▶ _YOUR GOAL_
For the entries that follow, set down each one exactly and drop any pictures.

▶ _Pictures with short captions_
================

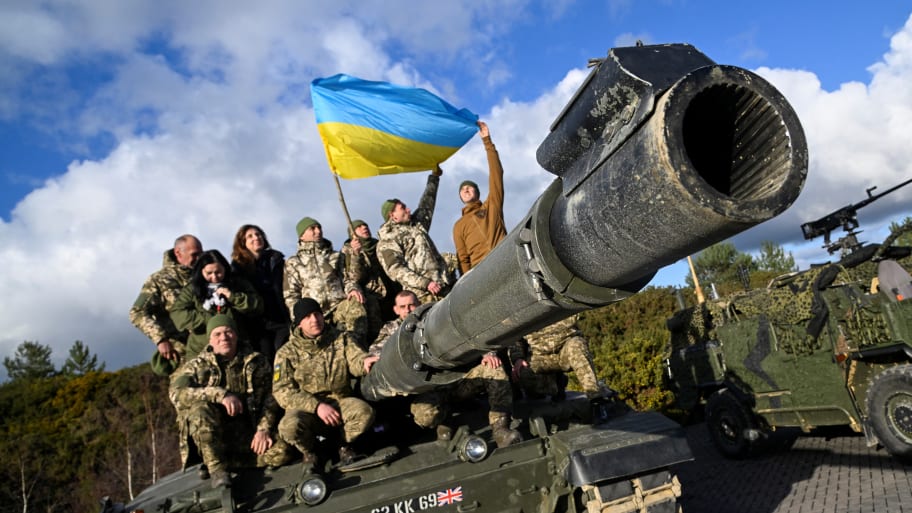 Ukrainian personnel pose with a flag on top of a Challenger 2 tank during a training at Bovington Camp, near Wool in southwestern Britain, Feb. 22, 2023. 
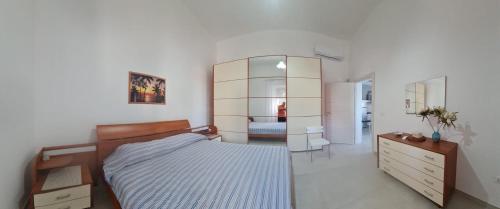 Ένα ή περισσότερα κρεβάτια σε δωμάτιο στο Incantevole villa al mare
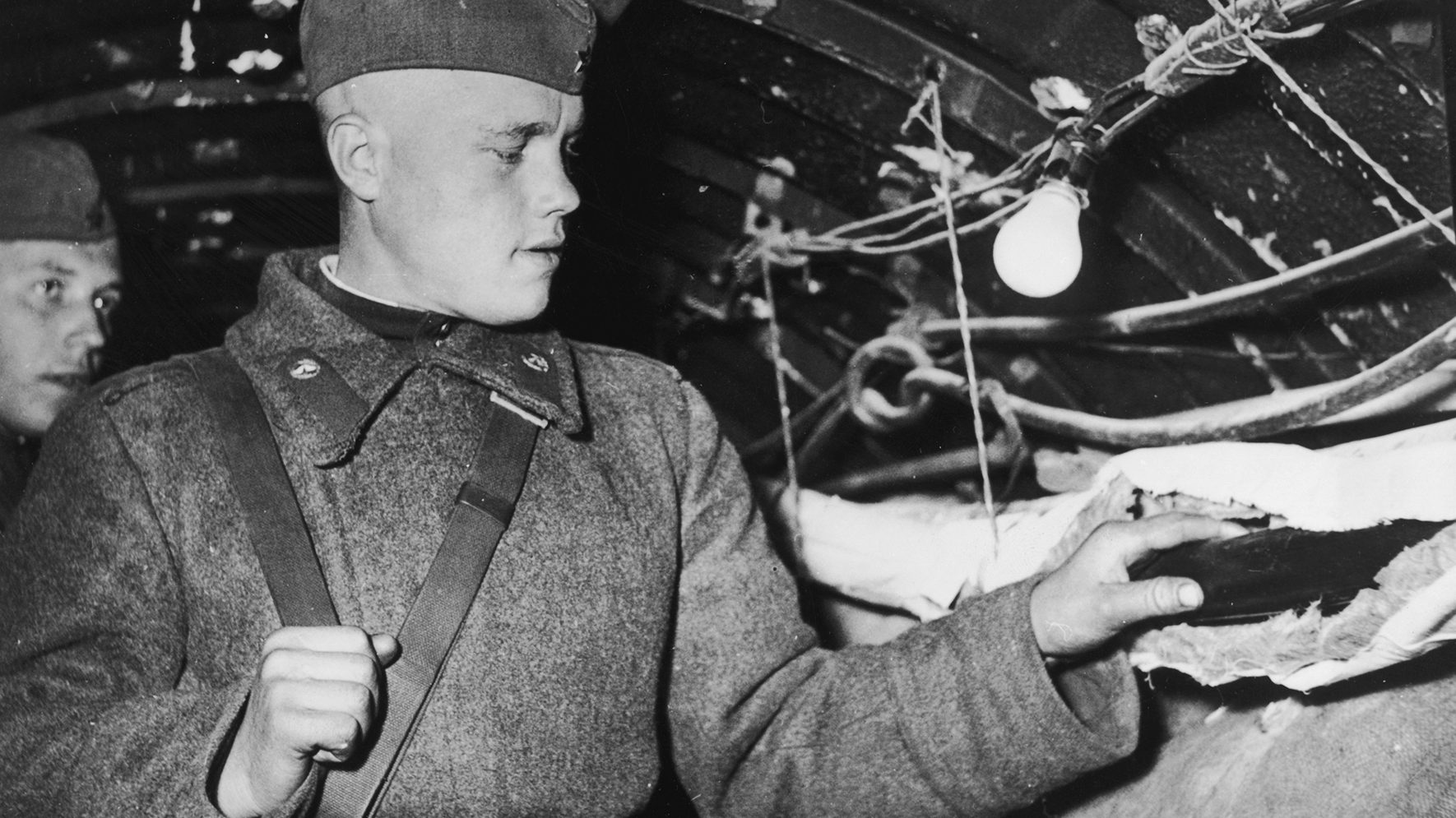 A Soviet soldier inside the 350 yard tunnel extending from the American Sector of Berlin into the Soviet Sector on April 26, 1956. Later admitting to the wiretapping, the CIA said 40,000 hours of telephone conversations were recorded.(Keystone/Getty Images)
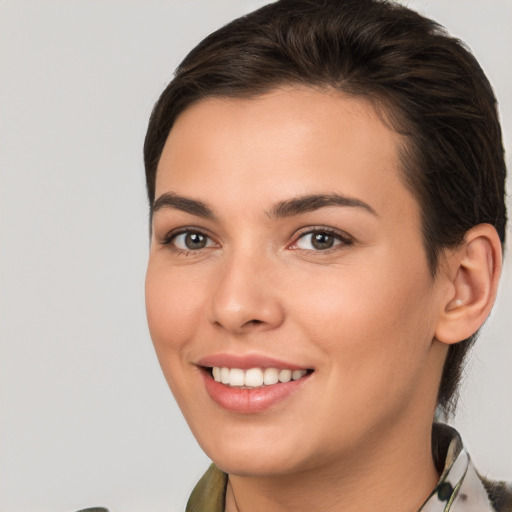 Joyful white young-adult female with medium  brown hair and brown eyes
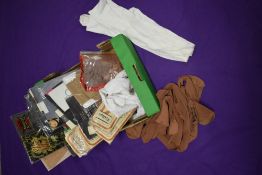 An assortment of vintage and retro stockings and tights, including early 20th century white
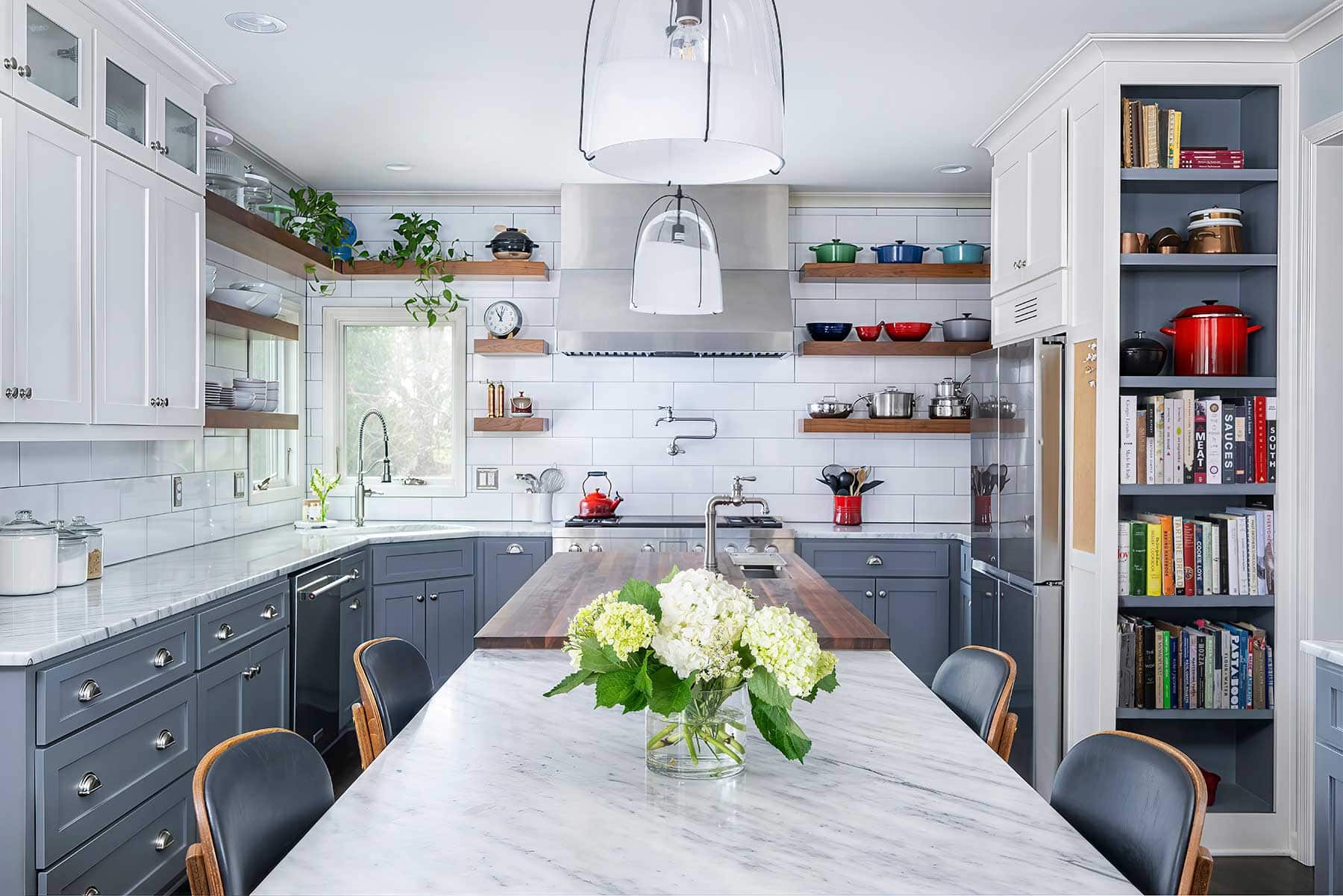 Two chefs = two work surfaces in Colby and Megan Garrelts’ kitchen. Butcher block for prep and pasta-making (but no cutting); cool marble for pastries and dining.
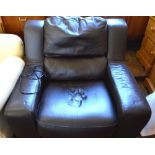 A brown leather upholstered electric armchair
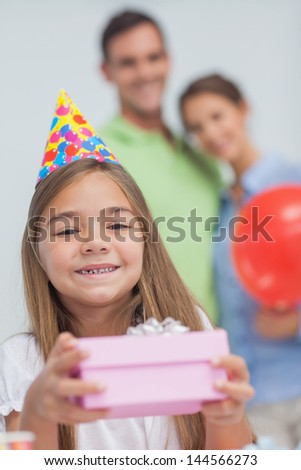 Little girl holding a birthday present during her birthday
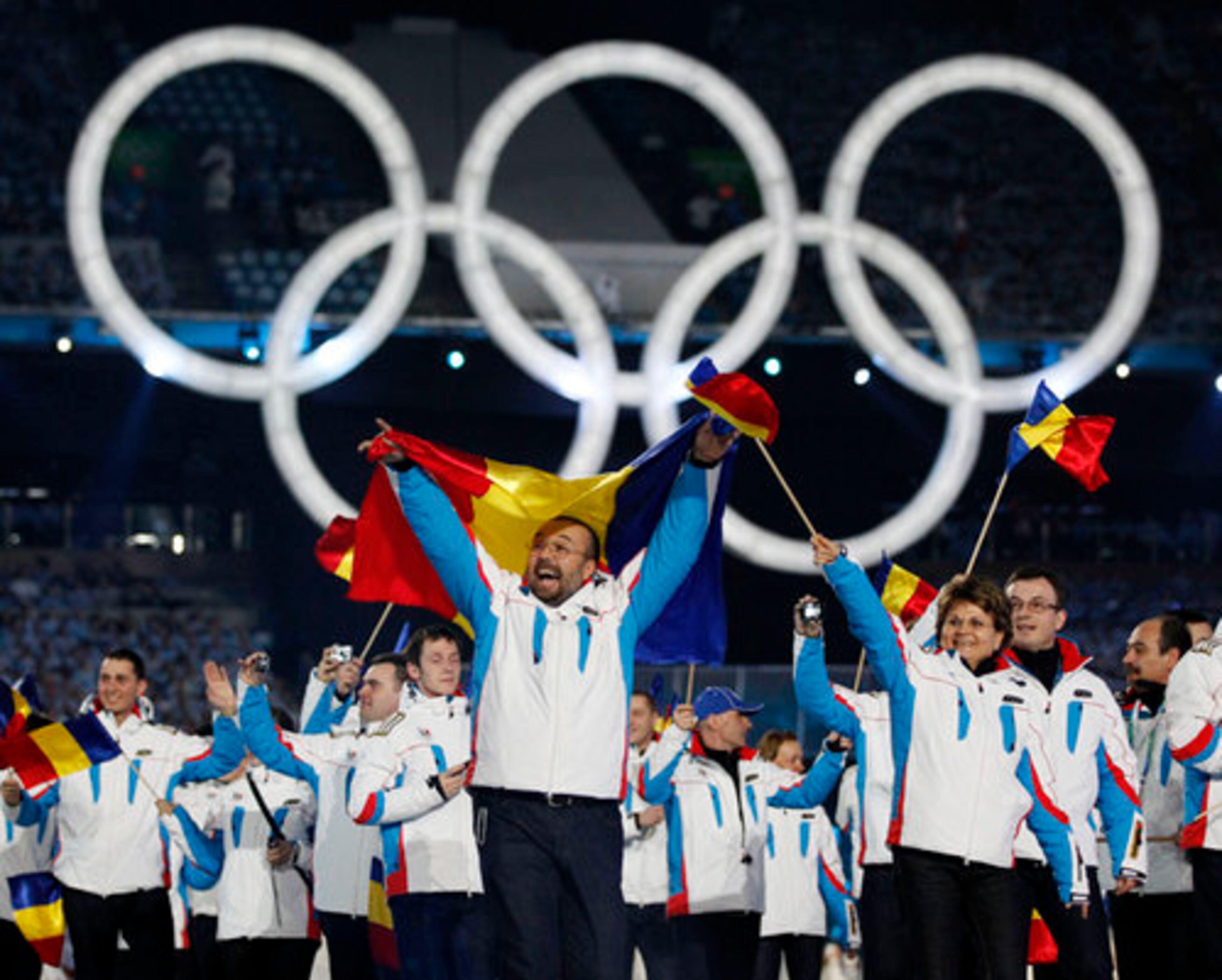 Romanian athletes wave to the crowd.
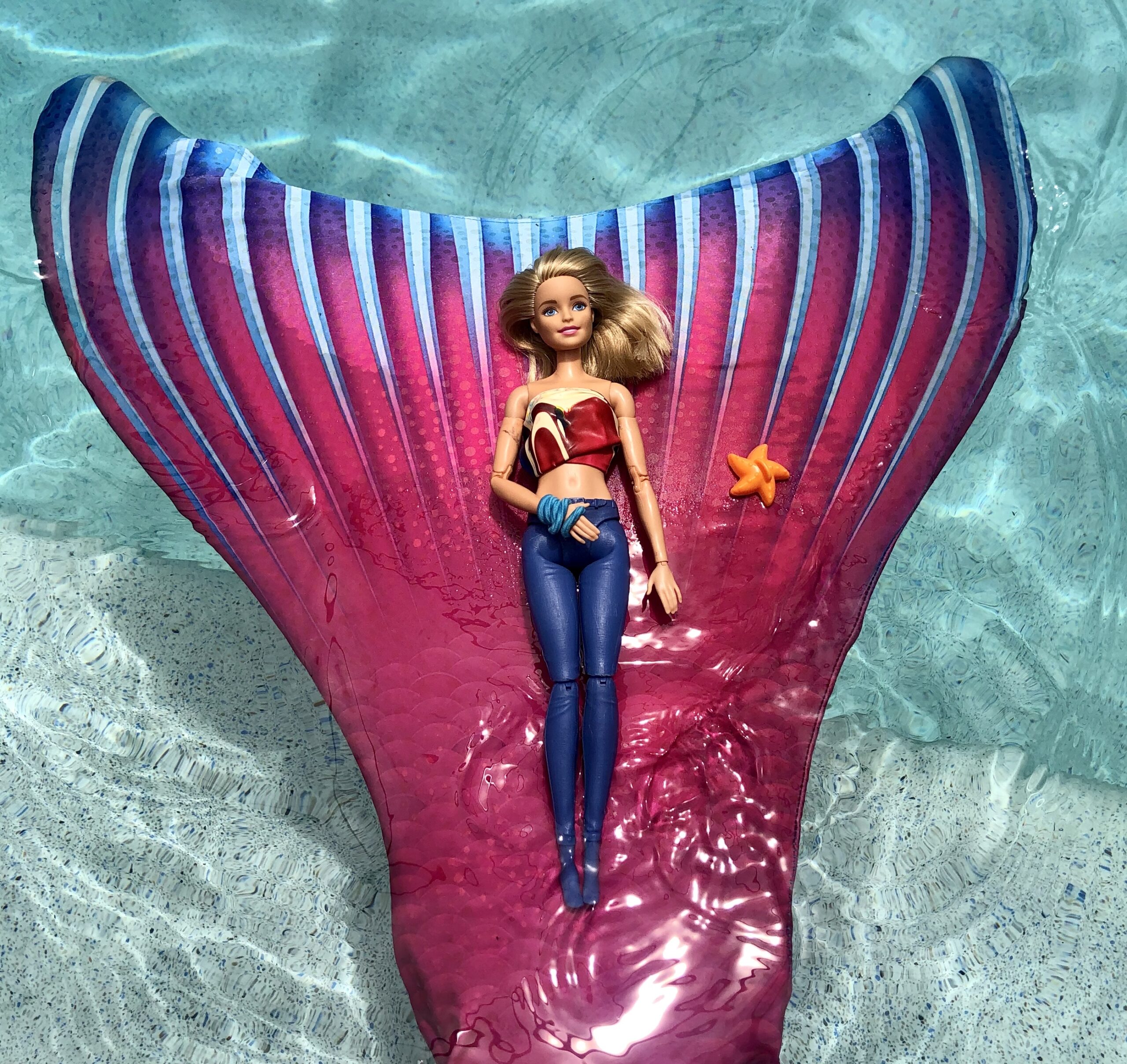 A Barbie Doll laying on a bright colored mermaid raft.
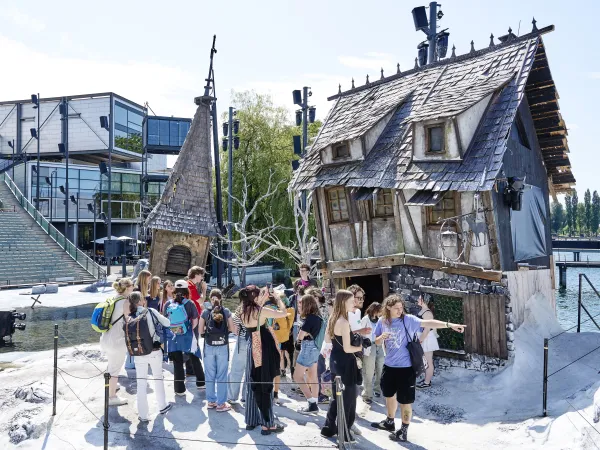 Gruppe junger Menschen steht vor einem großen, alten, schiefen Haus mit einem steinernen Kamin und einem Baum. Im Hintergrund sind moderne Gebäude und Lichtanlagen sichtbar.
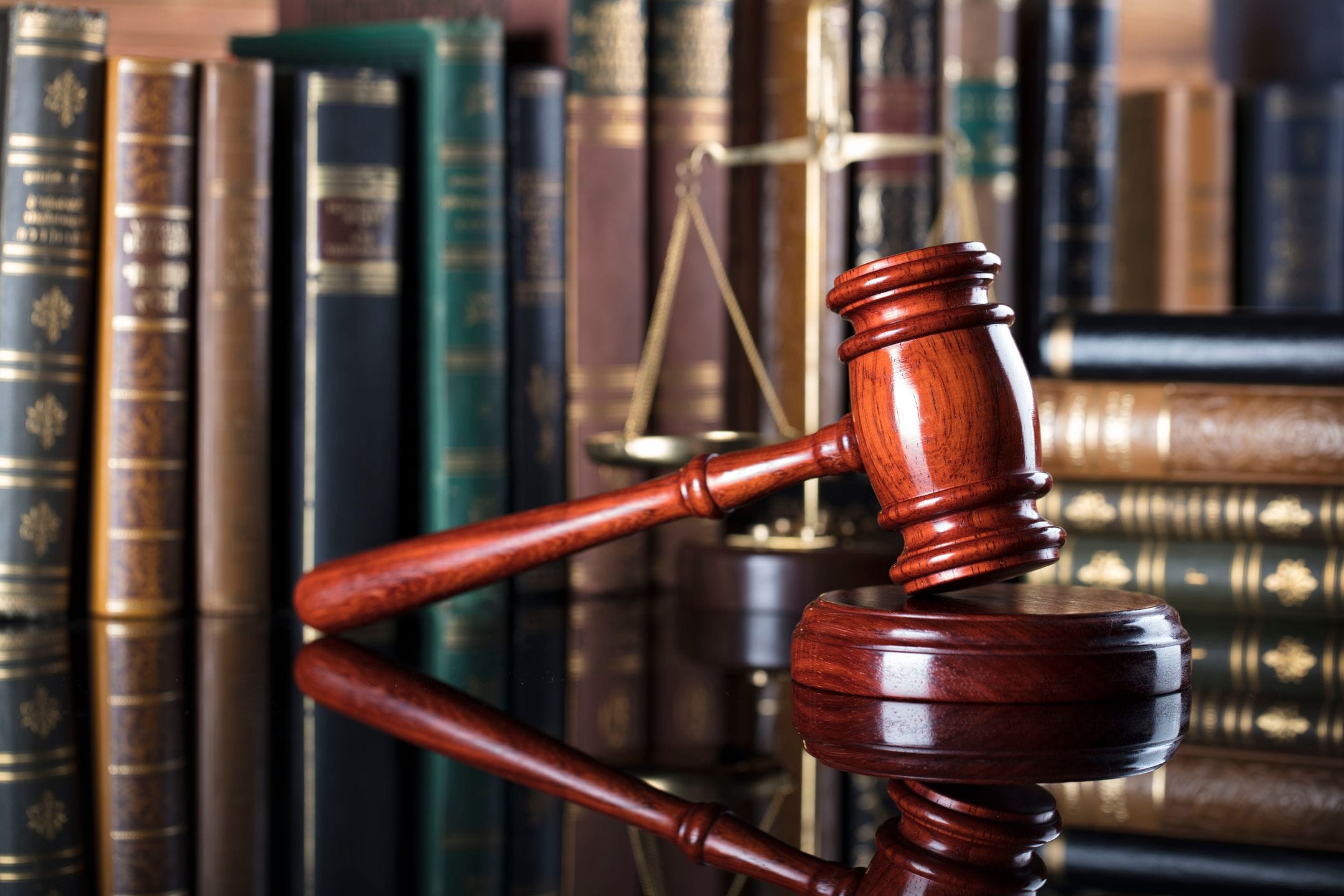 A wooden gavel rests on its sound block in front of a row of law books and a brass balance scale.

================

▶ _ANSWER_
 Ukrainian personnel pose with a flag on top of a Challenger 2 tank during a training at Bovington Camp, near Wool in southwestern Britain, Feb. 22, 2023. 
 Ένα ή περισσότερα κρεβάτια σε δωμάτιο στο Incantevole villa al mare
 A Soviet soldier inside the 350 yard tunnel extending from the American Sector of Berlin into the Soviet Sector on April 26, 1956. Later admitting to the wiretapping, the CIA said 40,000 hours of telephone conversations were recorded.(Keystone/Getty Images)
 Joyful white young-adult female with medium  brown hair and brown eyes
 An assortment of vintage and retro stockings and tights, including early 20th century white
 Two chefs = two work surfaces in Colby and Megan Garrelts’ kitchen. Butcher block for prep and pasta-making (but no cutting); cool marble for pastries and dining.
 A brown leather upholstered electric armchair
 Little girl holding a birthday present during her birthday
 Romanian athletes wave to the crowd.
 A Barbie Doll laying on a bright colored mermaid raft.
 Gruppe junger Menschen steht vor einem großen, alten, schiefen Haus mit einem steinernen Kamin und einem Baum. Im Hintergrund sind moderne Gebäude und Lichtanlagen sichtbar.
 A wooden gavel rests on its sound block in front of a row of law books and a brass balance scale.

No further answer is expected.